Given records:
━━━━━━

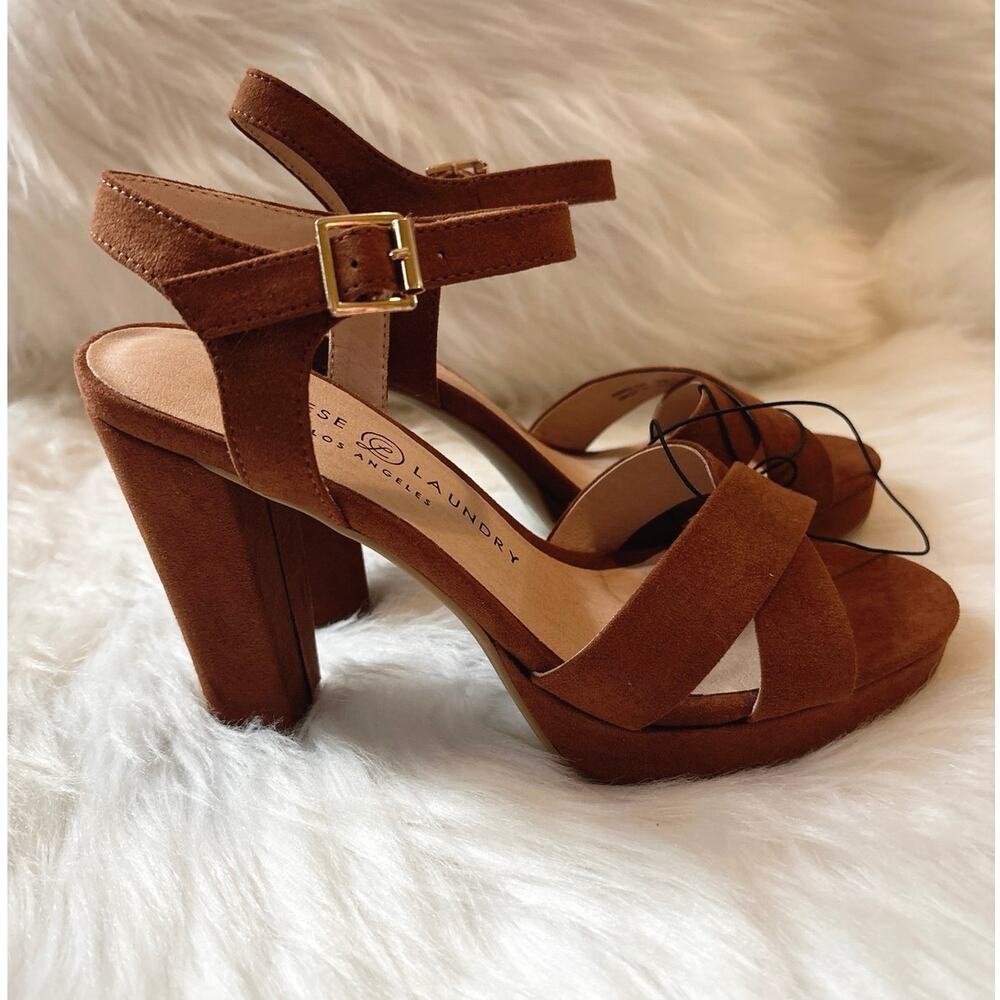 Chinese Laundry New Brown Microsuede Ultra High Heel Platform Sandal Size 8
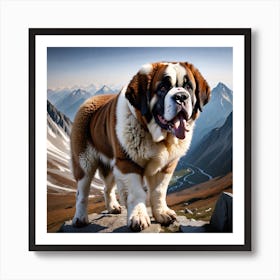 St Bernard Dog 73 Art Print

━━━━━━

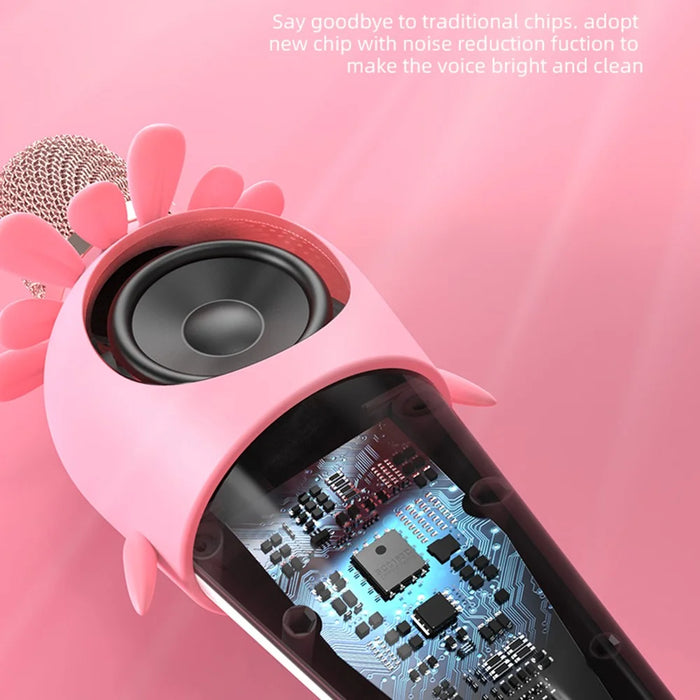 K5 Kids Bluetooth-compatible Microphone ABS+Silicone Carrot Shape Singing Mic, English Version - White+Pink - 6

━━━━━━

What is required:
Taking the records above, print only and exactly the lines from the line with "Chinese Laundry New" to the line with "St Bernard Dog 73 Art Print", both kept, and exclude pictures.

Solution to the exercise:
 Chinese Laundry New Brown Microsuede Ultra High Heel Platform Sandal Size 8
 St Bernard Dog 73 Art Print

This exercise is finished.